First was her unwavering enthusiasm for women to become lawyers and judges and her constant proselytizing, whenever speaking to women in any group, encouraging them to seek positions in the judiciary.

The second, in her later life, was creation of the iCivics internet educational program and her often-stated conviction that there is an absolute need for civics education for K–12 students.

Third was her constant, enthusiastic, and articulate support of the American Inns of Court and its movement—support that took the form of attendance at numerous American Inns of Court events and many speeches promoting the mission and accomplishments of Inns around the country.

Her second biography, The Majesty of the Law, consists of reflections as a justice, with in-depth, well-thought-out reflections about her nomination to the court, her interaction with other justices, her view of the court’s procedures, and her appraisal of the weighty issues that came before her on the court and how she dealt with them.
In the book, she also discussed her views of the role of lawyers and the reasons she supported the American Inns of Court so fervently.

I first met Justice O’Connor at the 2001 American Inns of Court Celebration of Excellence. Knowing of her relationship with Stanford University, having received undergraduate and law school degrees there, I mentioned that I had attended the annual Stanford Reunion on the campus in Palo Alto the week before. Both she and her husband were excited to hear about the reunion. It was then that I learned how supportive she had become of the American Inns of Court, on which board I was serving as a trustee.

My next opportunity to talk with Justice O’Connor was in May 2005, when she came to Kansas City to receive the Harry S. Truman Good Neighbor Award. Noting she had a copy of his “The Buck Stops Here” sign on her chambers desk, she explained that, as a Supreme Court justice, she too could not pass the buck to others and had to make difficult decisions, just as Truman did during his presidency.

At the private dinner the night before the award luncheon, she recounted how, when interviewing for employment in a prestigious law firm after graduating third in her Stanford Law School class, she was asked how fast she could type, indicating she would be considered to become a secretary there. That story conveyed how much discrimination women faced in the 1950s and how extraordinary it had been for her to ultimately be nominated to the Supreme Court of the United States.

At the 2005 Celebration of Excellence, I watched as groups of young women approached Justice O’Connor, who asked what each planned to do with their legal training, then encouraged them to consider pursuing a judicial position.

The last time our paths crossed was at the 2013 American Inns of Court Professionalism Symposium, long after she had retired from the court.
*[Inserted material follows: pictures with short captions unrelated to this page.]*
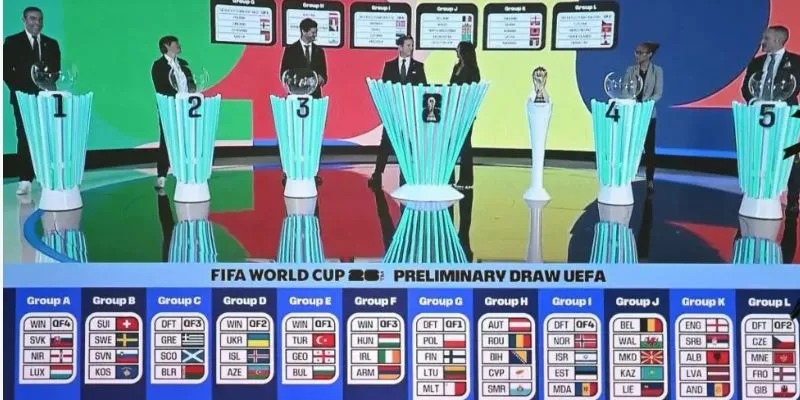 Chia sẻ mẹo soi kèo World Cup 2026 từ UU88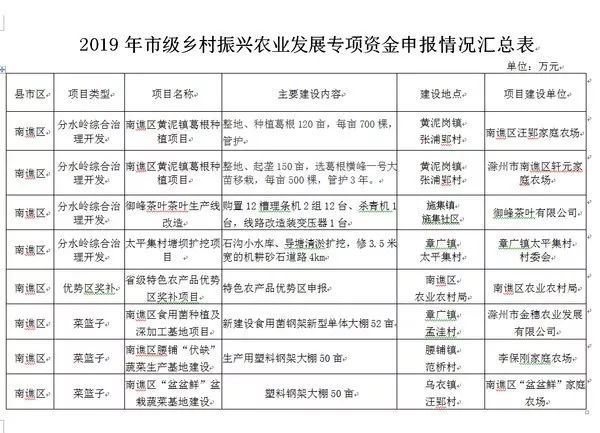 关于申报市级农业发展专项资金推荐项目的公示 市农业农村局 南谯区 市财政局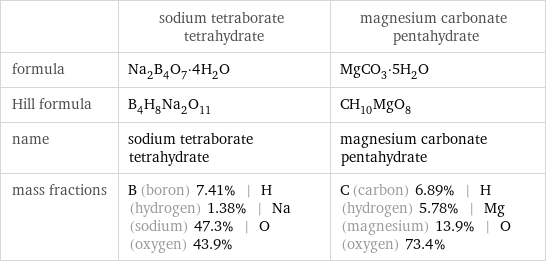  | sodium tetraborate tetrahydrate | magnesium carbonate pentahydrate formula | Na_2B_4O_7·4H_2O | MgCO_3·5H_2O Hill formula | B_4H_8Na_2O_11 | CH_10MgO_8 name | sodium tetraborate tetrahydrate | magnesium carbonate pentahydrate mass fractions | B (boron) 7.41% | H (hydrogen) 1.38% | Na (sodium) 47.3% | O (oxygen) 43.9% | C (carbon) 6.89% | H (hydrogen) 5.78% | Mg (magnesium) 13.9% | O (oxygen) 73.4%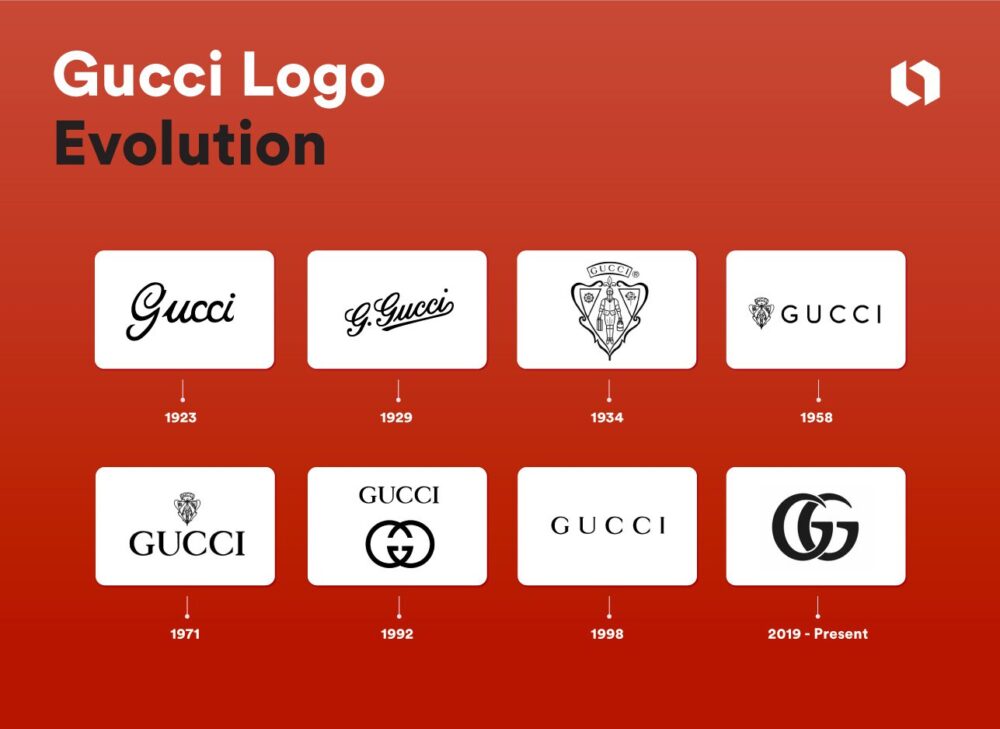 Čo znamená logo Gucci?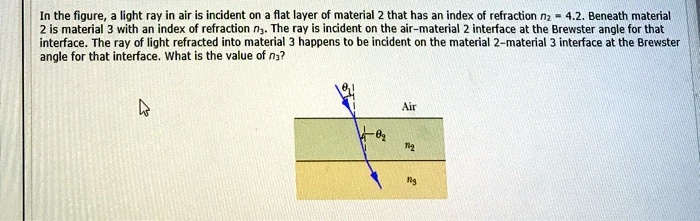 In the figure, a light ray in air is incident on a flat layer of ...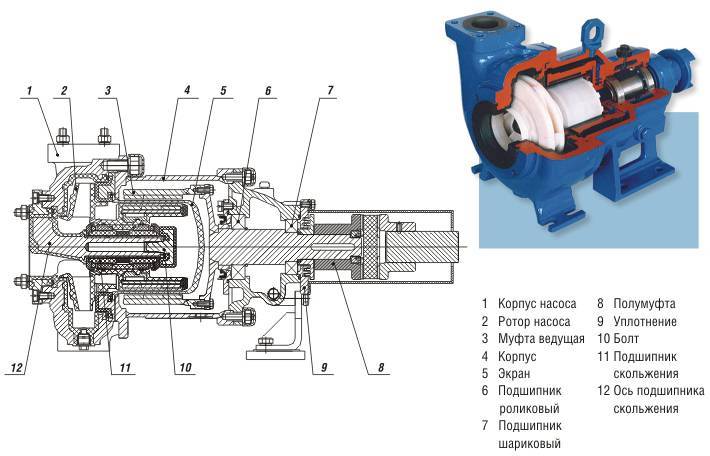 Насос самовсасывающий для воды: классификация, устройство и принцип действия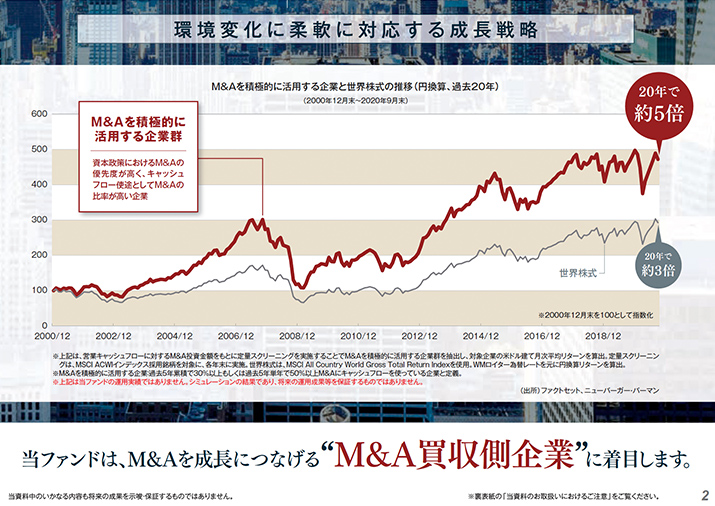 「通信技術のプロ」の知見と最先端のAI技術を活かした未来への投資 　ページ3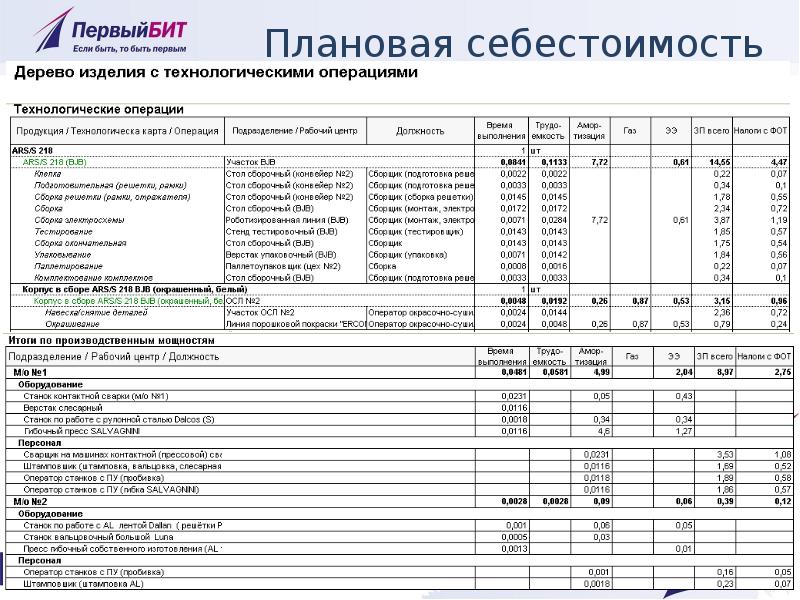 Из каких компонентов складывается плановая стоимость проекта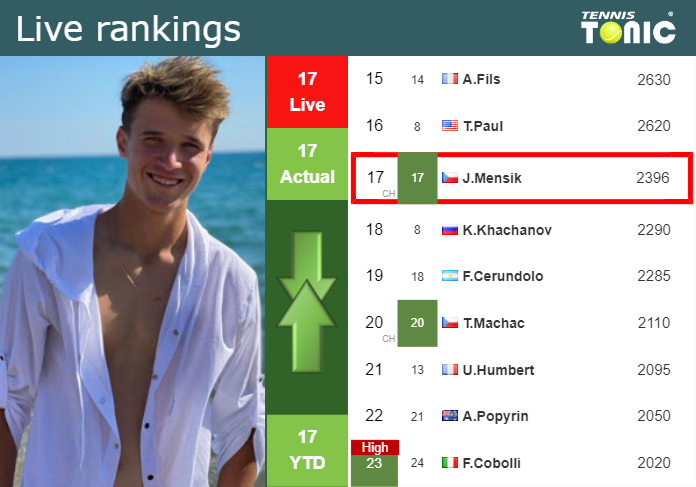 Wednesday Live Ranking Jakub Mensik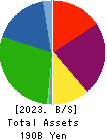 UNITIKA LTD. Balance Sheet 2023年Mar期 UNITIKA LTD. Balance Sheet 2023年3月期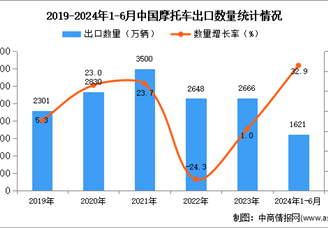 2024年1-6月中国摩托车出口数据统计分析：出口量1621万辆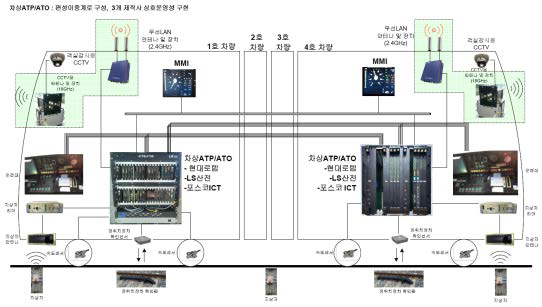 열차제어시스템 차상설비 구성도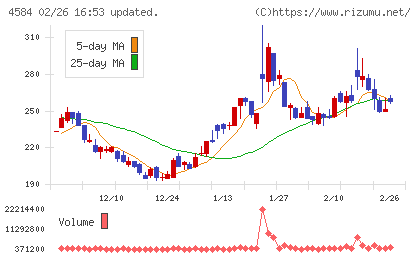 キッズウェル・バイオチャート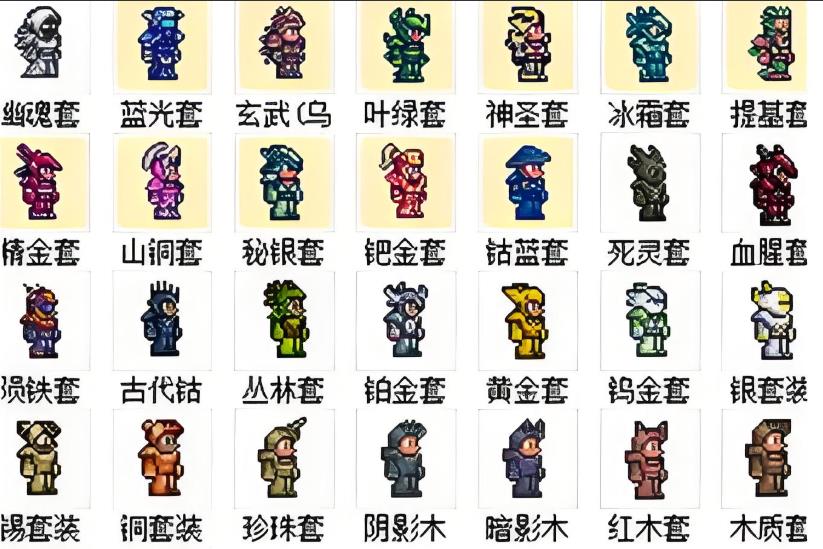 泰拉瑞亚怎么增加防御值
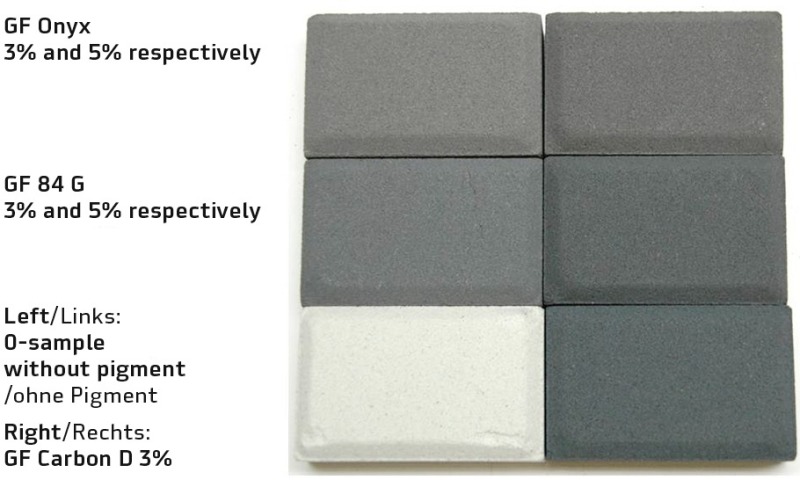 Criteria for the on-target black coloration of concrete products - Concrete  Plant Precast Technology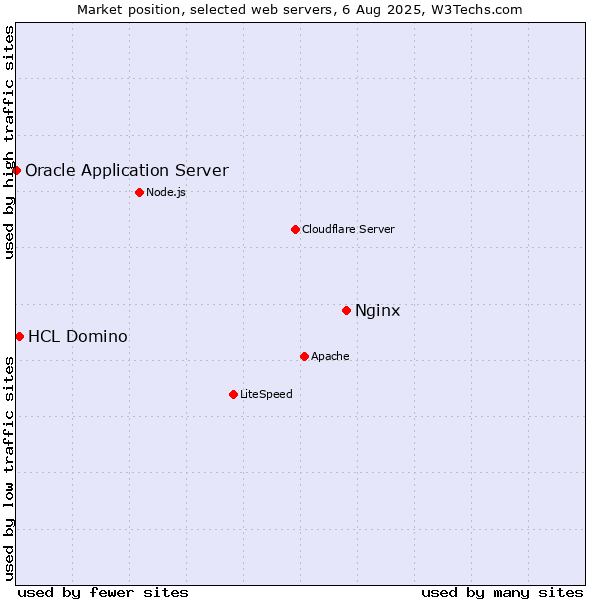 Market position of Nginx vs. HCL Domino vs. Oracle Application Server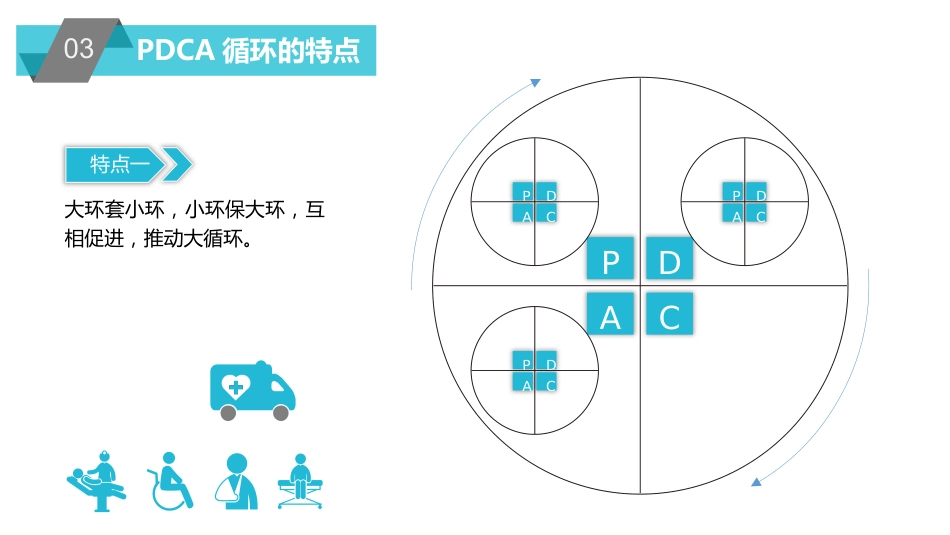 PDCA循环及其在管理中的应用-管理原则过程详解_第12页
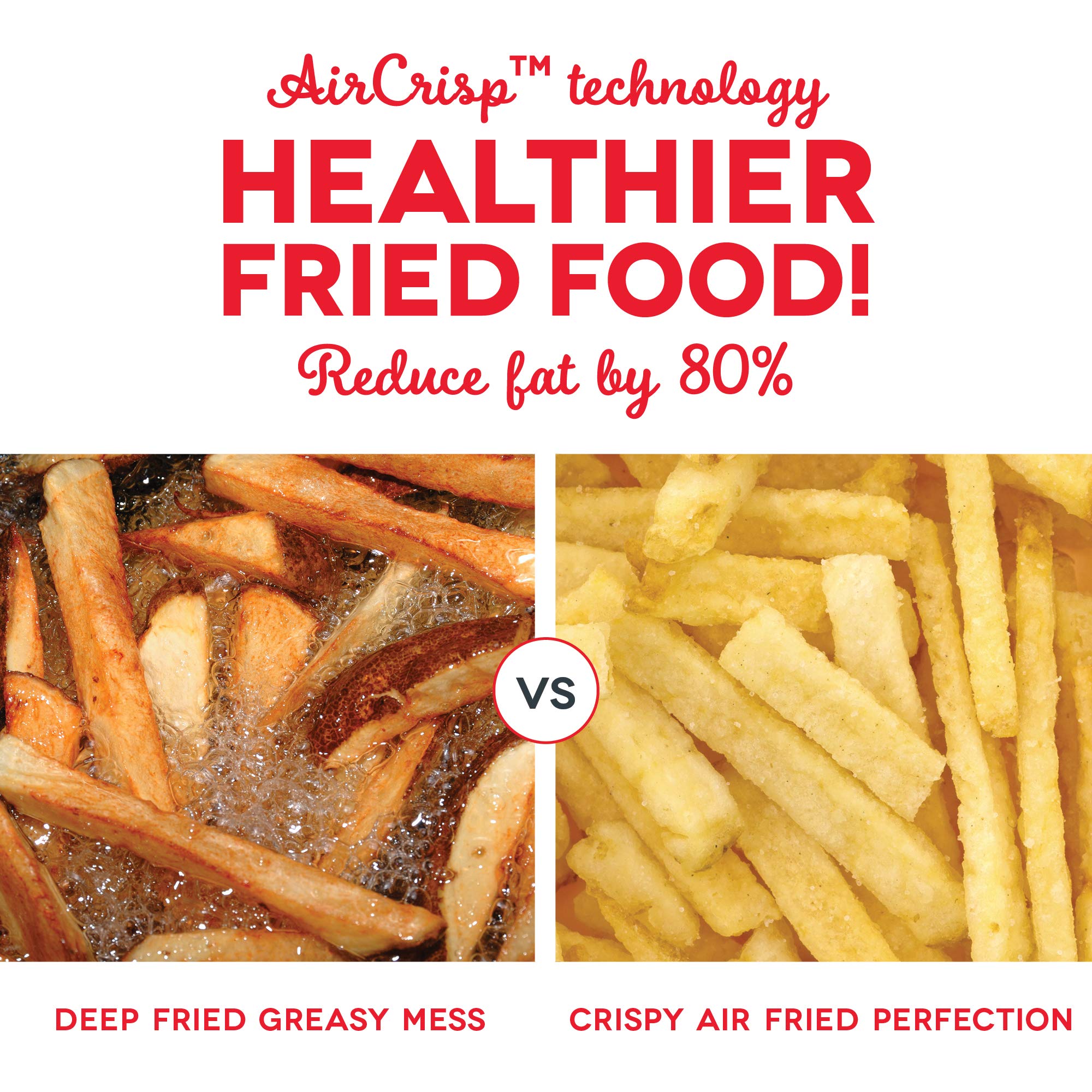 Dash Compact Air Fryer Oven Cooker With Temperature Control, Non-Stick Fry Basket, Recipe Guide + Auto Shut Off Feature, 2 Quart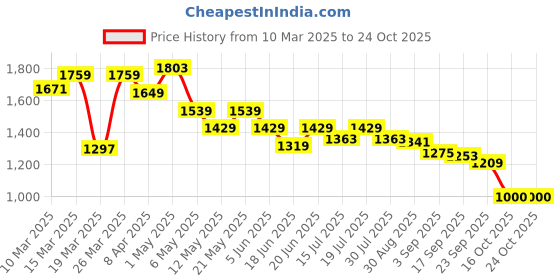 myntra.com Globus Women Slim Fit High-Rise Shorts globus Price History Graph from 10 Mar 2025 to 22 Oct 2025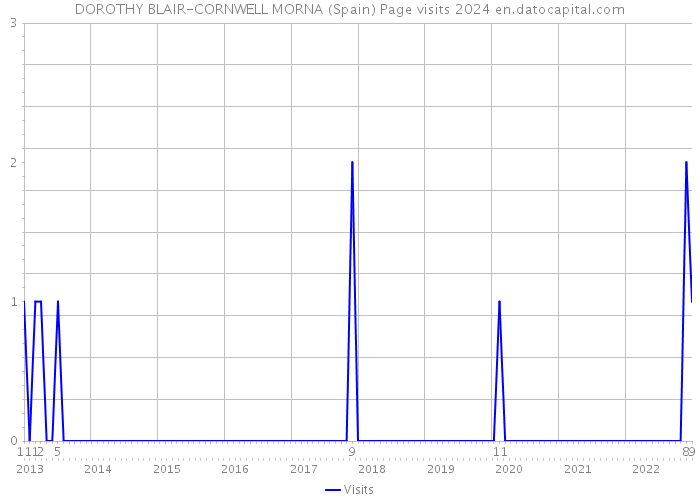 DOROTHY BLAIR-CORNWELL MORNA (Spain) Page visits 2024 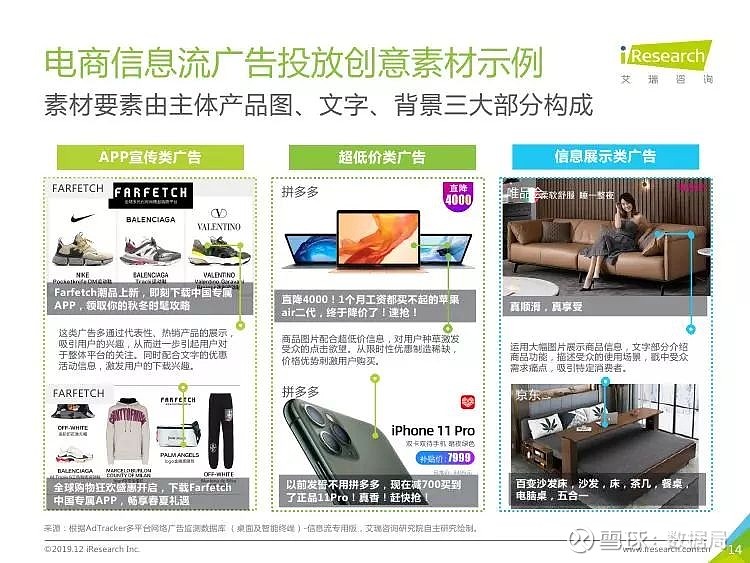 电商广告投放：新时代营销策略的必由之路
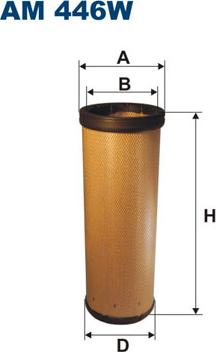 Filtron AM446W - Sekundārā gaisa filtrs ps1.lv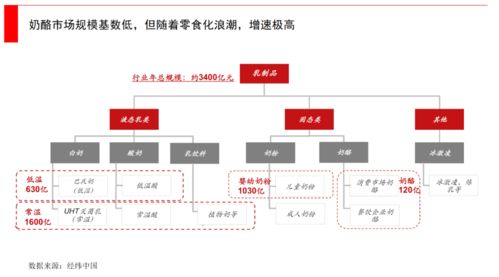 从产品 营销 渠道到供应链,新消费品如何打赢注意力争夺战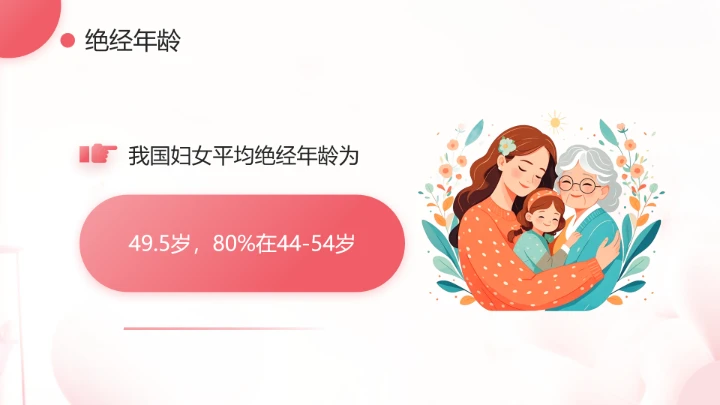 妇女更年期主题宣传科普温柔对待更年期PPT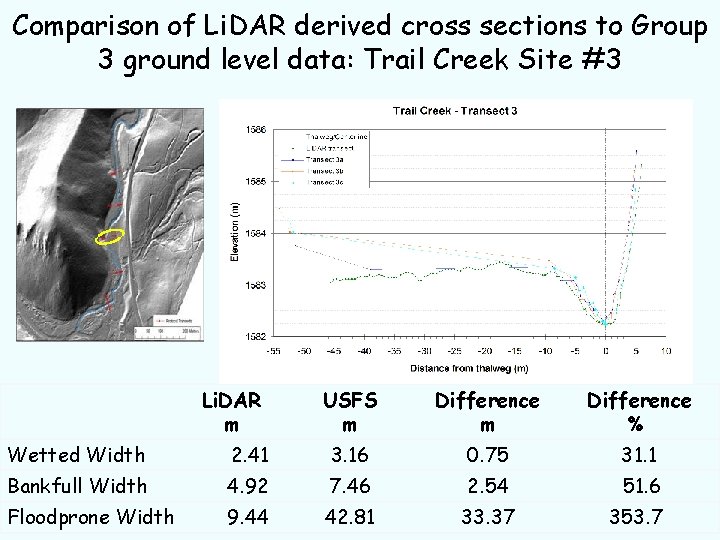 Comparison of Li. DAR derived cross sections to Group 3 ground level data: Trail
Greeting her when she walked into the conference room on the arm of her friend Justice Randy J. Holland, my heart sank seeing her followed by two U.S. marshals caring an oxygen tank and a defibrillator. My fears about her health were alleviated when she stood, straight and seemingly comfortably, at the lectern, delivering to a large audience a 20-minute extemporaneous speech using no notes at all. With self-deprecating humor and humility, she described herself as simply “a retired old cowgirl” who did not deserve all the attention she was receiving.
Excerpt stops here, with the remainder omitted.